<<<<
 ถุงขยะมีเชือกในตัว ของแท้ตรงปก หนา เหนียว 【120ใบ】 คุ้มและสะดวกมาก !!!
>>>>
<<<<
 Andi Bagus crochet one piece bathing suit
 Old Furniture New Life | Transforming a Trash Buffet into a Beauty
>>>>
<<<<
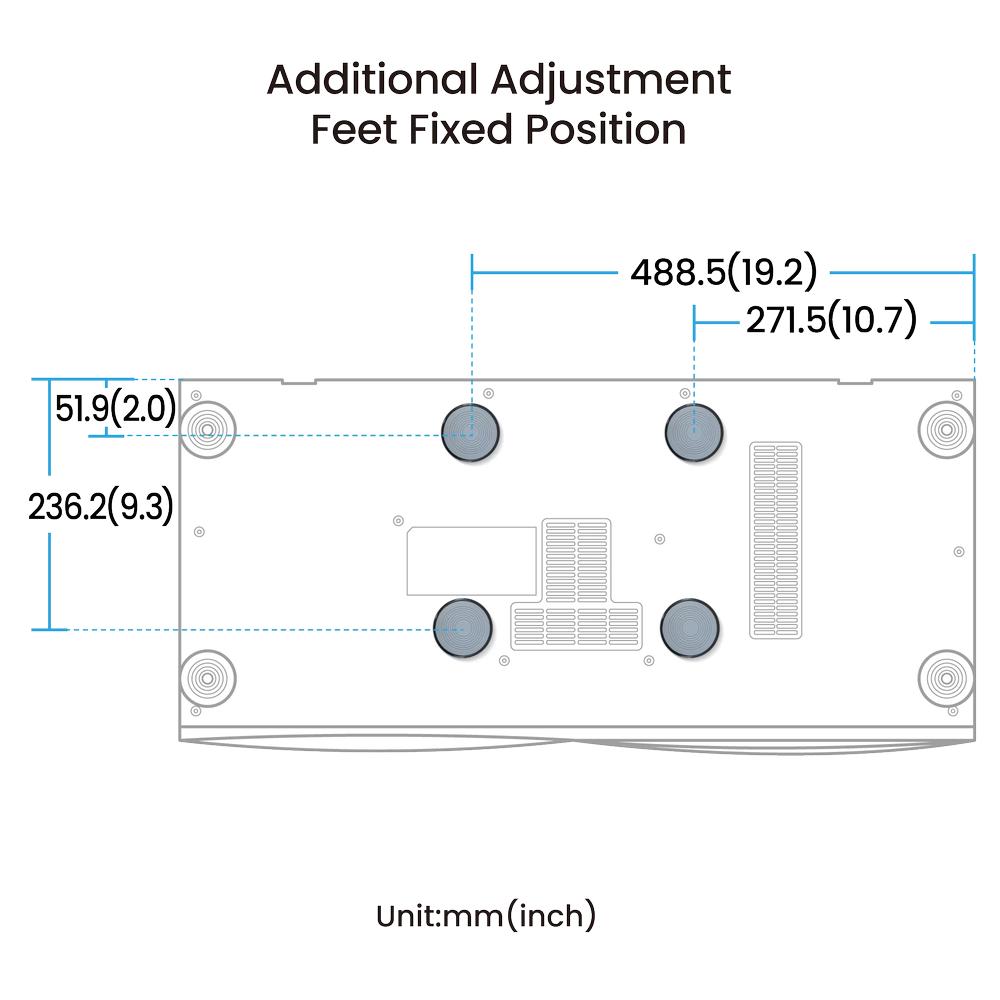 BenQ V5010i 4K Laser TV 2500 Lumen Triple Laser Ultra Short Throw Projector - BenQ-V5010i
>>>>
Using the listing above, return word for word each line from the one that has "Andi Bagus crochet one piece bathing suit" through the one that has "Old Furniture New", and no line outside that range.

 Andi Bagus crochet one piece bathing suit
 Old Furniture New Life | Transforming a Trash Buffet into a Beauty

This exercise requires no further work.